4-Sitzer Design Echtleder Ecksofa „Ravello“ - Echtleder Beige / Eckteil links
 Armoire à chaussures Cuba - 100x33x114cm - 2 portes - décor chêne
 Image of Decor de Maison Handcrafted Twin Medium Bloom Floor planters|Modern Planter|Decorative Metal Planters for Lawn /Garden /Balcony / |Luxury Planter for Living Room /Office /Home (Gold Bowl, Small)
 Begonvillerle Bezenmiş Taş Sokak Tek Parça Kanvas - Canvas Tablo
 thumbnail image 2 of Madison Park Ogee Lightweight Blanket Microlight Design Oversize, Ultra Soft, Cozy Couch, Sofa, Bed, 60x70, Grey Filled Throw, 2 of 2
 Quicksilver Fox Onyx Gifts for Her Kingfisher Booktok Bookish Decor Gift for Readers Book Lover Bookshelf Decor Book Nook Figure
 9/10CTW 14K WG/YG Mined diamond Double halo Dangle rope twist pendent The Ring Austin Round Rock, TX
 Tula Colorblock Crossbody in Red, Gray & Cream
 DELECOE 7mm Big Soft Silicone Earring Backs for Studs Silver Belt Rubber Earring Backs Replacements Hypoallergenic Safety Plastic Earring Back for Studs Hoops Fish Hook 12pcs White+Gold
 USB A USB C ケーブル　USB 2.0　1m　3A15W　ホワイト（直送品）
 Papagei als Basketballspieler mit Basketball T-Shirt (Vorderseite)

* _Directions for this task_
Your answer should hold exactly the lines from the one containing "Begonvillerle Bezenmiş Taş" through the end of the entries above, and nothing else.

* _Response area_
 Begonvillerle Bezenmiş Taş Sokak Tek Parça Kanvas - Canvas Tablo
 thumbnail image 2 of Madison Park Ogee Lightweight Blanket Microlight Design Oversize, Ultra Soft, Cozy Couch, Sofa, Bed, 60x70, Grey Filled Throw, 2 of 2
 Quicksilver Fox Onyx Gifts for Her Kingfisher Booktok Bookish Decor Gift for Readers Book Lover Bookshelf Decor Book Nook Figure
 9/10CTW 14K WG/YG Mined diamond Double halo Dangle rope twist pendent The Ring Austin Round Rock, TX
 Tula Colorblock Crossbody in Red, Gray & Cream
 DELECOE 7mm Big Soft Silicone Earring Backs for Studs Silver Belt Rubber Earring Backs Replacements Hypoallergenic Safety Plastic Earring Back for Studs Hoops Fish Hook 12pcs White+Gold
 USB A USB C ケーブル　USB 2.0　1m　3A15W　ホワイト（直送品）
 Papagei als Basketballspieler mit Basketball T-Shirt (Vorderseite)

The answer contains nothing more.